- Born: Abdul Latif Khan 24 October 1951 Kalupur, Ahmedabad, India
- Died: 29 November 1997 (aged 46) Naroda Patiya, Ahmedabad, Gujarat, India
- Cause of death: Encounter killing
- Occupations: Bootlegger, Mob Boss

= Abdul Latif (gangster) =

Gujarat's Liquor Mafia

Abdul Latif Khan (24 October 1951 – 29 November 1997) was an Indian gangster and bootlegger from the Gujarat state of India. He was also an associate of Dawood Ibrahim. He was considered Gujarat's most notorious criminal at the time.

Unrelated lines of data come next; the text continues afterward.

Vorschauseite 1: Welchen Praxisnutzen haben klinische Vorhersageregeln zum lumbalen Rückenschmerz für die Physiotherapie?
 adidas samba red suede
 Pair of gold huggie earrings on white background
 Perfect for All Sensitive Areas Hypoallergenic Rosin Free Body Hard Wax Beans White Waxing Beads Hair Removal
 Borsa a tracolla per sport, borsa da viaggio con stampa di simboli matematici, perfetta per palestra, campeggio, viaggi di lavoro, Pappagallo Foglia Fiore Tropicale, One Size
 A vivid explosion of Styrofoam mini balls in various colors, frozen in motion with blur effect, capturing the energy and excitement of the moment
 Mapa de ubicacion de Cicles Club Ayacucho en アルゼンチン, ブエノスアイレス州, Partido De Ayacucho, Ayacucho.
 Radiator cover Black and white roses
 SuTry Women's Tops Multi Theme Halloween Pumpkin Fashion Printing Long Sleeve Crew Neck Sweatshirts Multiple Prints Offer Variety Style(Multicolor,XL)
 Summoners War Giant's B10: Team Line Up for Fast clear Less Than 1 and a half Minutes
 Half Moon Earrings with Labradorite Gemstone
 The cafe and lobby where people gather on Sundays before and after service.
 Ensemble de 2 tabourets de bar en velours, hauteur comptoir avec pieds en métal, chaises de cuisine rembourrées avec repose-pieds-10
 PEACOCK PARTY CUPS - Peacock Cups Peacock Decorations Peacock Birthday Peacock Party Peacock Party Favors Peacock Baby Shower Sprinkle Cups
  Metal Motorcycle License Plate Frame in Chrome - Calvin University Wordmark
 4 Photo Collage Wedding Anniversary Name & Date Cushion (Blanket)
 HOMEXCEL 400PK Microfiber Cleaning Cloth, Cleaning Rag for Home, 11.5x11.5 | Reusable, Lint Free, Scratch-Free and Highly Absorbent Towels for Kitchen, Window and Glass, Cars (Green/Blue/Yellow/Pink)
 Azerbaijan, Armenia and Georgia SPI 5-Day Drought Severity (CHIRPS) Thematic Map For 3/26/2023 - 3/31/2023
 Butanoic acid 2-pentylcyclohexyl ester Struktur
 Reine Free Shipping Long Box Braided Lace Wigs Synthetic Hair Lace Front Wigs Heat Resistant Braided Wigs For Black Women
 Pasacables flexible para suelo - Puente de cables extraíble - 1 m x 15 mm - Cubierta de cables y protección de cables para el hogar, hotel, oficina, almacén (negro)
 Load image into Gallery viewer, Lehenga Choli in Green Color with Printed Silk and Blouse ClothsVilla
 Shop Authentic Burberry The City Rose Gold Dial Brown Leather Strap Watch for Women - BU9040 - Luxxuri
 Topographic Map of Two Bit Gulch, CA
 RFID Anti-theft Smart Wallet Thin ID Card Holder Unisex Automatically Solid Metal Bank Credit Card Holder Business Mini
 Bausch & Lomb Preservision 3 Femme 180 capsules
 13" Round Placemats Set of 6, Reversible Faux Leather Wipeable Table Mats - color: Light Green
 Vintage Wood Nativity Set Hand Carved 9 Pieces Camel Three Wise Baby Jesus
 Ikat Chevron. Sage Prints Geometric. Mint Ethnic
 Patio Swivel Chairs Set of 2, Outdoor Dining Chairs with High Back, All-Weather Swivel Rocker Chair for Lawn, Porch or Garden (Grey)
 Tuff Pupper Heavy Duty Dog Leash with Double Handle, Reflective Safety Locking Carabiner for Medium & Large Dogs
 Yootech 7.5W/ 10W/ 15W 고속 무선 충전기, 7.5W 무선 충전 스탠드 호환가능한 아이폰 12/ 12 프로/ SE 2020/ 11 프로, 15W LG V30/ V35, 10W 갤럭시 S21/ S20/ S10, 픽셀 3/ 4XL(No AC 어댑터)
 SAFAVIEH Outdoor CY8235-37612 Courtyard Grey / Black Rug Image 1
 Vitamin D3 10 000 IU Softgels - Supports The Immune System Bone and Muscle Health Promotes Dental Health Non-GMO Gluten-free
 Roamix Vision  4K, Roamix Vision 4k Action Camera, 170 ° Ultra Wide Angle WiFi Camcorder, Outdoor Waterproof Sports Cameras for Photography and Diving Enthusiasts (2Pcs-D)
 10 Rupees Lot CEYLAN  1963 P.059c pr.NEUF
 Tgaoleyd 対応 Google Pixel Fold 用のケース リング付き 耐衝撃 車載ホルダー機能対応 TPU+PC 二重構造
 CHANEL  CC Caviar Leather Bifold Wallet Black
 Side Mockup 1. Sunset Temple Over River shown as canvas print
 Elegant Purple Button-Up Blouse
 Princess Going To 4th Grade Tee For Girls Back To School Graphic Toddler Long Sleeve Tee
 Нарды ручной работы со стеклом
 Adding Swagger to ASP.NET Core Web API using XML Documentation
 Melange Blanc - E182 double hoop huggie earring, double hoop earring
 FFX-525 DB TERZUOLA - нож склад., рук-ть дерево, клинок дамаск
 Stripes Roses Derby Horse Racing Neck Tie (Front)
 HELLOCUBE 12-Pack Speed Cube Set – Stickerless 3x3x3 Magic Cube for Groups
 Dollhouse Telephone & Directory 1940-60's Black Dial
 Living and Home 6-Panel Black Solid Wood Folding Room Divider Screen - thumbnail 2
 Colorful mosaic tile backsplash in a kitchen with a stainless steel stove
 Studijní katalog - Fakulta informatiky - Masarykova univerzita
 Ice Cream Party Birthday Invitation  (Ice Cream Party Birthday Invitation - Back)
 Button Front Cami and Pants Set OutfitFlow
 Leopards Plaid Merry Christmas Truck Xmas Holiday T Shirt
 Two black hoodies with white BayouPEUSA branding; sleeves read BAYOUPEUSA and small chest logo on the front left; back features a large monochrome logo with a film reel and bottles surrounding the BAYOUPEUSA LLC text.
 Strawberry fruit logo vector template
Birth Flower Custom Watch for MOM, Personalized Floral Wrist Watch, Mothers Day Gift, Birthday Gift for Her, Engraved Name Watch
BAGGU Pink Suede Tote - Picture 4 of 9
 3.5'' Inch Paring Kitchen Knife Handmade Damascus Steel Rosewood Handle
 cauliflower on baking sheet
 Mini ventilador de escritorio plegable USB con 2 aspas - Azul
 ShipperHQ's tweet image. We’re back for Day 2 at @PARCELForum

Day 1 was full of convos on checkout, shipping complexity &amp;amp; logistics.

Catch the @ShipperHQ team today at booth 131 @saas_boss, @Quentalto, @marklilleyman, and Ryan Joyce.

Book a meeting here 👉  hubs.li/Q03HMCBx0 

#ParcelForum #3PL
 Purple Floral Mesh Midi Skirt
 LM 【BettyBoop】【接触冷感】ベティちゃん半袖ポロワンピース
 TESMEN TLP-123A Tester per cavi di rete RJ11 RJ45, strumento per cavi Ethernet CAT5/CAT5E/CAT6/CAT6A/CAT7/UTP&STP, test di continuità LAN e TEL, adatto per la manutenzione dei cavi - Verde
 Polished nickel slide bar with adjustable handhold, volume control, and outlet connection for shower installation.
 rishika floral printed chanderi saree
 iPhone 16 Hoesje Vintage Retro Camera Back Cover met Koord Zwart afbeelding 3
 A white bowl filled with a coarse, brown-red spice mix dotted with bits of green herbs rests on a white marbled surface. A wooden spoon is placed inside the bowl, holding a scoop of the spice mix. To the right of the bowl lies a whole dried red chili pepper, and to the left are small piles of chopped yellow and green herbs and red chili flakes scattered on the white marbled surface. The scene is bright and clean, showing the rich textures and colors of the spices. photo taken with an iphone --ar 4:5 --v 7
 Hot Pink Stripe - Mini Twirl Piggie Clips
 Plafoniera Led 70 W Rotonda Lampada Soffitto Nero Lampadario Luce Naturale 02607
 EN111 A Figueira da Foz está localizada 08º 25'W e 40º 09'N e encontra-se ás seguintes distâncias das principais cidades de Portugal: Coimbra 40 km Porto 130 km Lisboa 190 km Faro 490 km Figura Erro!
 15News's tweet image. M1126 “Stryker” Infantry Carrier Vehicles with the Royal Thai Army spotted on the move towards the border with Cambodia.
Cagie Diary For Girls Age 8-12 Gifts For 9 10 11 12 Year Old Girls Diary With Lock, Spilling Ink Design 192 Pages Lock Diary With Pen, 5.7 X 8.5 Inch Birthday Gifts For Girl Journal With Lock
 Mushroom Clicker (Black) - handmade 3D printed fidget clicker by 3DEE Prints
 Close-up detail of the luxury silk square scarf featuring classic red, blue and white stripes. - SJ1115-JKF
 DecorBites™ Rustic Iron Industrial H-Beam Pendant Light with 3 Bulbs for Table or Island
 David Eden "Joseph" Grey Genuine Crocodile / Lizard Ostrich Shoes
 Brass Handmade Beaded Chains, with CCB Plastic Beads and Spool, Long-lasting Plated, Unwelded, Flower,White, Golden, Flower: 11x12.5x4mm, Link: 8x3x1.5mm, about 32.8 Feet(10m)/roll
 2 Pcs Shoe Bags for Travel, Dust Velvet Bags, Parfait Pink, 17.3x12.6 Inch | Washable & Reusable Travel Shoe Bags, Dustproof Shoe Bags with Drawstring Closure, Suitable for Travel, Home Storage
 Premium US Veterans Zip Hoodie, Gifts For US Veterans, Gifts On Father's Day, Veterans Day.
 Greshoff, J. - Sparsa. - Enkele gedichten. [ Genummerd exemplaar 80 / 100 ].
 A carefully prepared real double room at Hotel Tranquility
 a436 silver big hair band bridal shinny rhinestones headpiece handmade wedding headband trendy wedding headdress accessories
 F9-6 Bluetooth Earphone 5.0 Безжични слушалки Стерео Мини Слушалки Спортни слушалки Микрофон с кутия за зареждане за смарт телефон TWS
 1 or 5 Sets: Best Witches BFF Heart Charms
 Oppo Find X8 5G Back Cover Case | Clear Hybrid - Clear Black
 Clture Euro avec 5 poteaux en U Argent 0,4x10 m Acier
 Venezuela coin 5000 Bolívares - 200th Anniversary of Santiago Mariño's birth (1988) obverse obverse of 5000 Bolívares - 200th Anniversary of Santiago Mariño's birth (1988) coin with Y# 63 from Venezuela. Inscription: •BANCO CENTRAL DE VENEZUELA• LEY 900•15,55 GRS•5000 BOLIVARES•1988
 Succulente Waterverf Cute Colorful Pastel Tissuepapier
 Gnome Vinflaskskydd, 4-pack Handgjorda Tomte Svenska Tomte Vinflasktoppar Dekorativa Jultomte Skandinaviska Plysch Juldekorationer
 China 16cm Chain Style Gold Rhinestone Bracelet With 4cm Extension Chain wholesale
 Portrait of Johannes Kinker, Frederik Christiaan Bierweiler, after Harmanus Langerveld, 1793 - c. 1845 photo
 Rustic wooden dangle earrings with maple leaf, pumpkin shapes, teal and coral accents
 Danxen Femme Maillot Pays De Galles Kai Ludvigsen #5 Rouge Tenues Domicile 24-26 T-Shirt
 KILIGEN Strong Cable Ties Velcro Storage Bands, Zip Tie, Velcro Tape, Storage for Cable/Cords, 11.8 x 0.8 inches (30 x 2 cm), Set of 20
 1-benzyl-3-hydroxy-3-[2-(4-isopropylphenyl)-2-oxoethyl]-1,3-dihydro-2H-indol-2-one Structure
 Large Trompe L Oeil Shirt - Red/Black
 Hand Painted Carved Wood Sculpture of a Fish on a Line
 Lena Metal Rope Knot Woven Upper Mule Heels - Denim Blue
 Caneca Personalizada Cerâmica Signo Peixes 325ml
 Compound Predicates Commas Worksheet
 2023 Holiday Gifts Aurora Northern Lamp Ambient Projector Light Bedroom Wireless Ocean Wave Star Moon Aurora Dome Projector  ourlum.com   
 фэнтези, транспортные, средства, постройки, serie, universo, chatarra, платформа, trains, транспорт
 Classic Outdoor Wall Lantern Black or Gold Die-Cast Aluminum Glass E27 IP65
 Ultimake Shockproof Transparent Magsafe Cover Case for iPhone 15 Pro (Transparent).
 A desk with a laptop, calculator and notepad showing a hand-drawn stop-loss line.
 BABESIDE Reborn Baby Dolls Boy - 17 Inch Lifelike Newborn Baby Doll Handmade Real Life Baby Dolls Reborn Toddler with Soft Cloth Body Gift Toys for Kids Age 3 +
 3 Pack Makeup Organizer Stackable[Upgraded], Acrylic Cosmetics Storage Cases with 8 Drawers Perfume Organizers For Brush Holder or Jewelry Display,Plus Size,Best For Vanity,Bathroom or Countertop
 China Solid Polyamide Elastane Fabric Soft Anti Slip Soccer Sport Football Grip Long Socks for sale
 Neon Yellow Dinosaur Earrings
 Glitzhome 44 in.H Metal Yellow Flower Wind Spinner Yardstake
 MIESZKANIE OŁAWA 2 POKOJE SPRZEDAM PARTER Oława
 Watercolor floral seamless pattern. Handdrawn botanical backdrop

He was based in Ahmedabad and was politically well connected. He used to wait on tables in gambling dens where he started serving liquor as a teenager. He became a bootlegger and eventually monopolised the illegal liquor business in Gujarat. Latif was wanted for over 100 cases of murder, contract killing, extortion, rioting, kidnappings, smuggling, bootlegging and was also wanted in the 1993 Mumbai blasts case. There were 243 cases against his gang including 64 murders and 14 kidnappings. The incident that highlighted Latif was the "Odhav Shootout". Latif wanted rival bootlegger Hansraj Trivedi to buy liquor from his gang. As Trivedi refused to be cowed down, Latif led two attacks on the gymkhana. In the second attack on 3 August 1992, automatic weapons, including sten guns and revolvers, were used.

He was the main culprit in supplying RDX used in the 1993 Mumbai blasts. He was arrested in 1995 in Delhi and housed at the Sabarmati jail pending trial. In November 1997, Latif was shot dead in a police encounter in Ahmedabad. In 2014, one of Latif's sons contested the assembly election with Samajwadi Party against Shanker Singh Vaghela, the former Chief Minister. Latif's other son had contested against Vaghela in 2009.

The 2017 Bollywood film Raees is said to be based on Latif's life. In April 2016, Latif's son filed a lawsuit for defamation against the makers of the film, saying the film misrepresented his father. Shaikh's lawyer said that the 97 cases lodged against Latif were for bootlegging and other serious offences under the Terrorist and Disruptive Activities (Prevention) Act, but he did not run a brothel or use women for delivery in his bootlegging operations, as depicted in the film. The film was declared to be a work of fiction.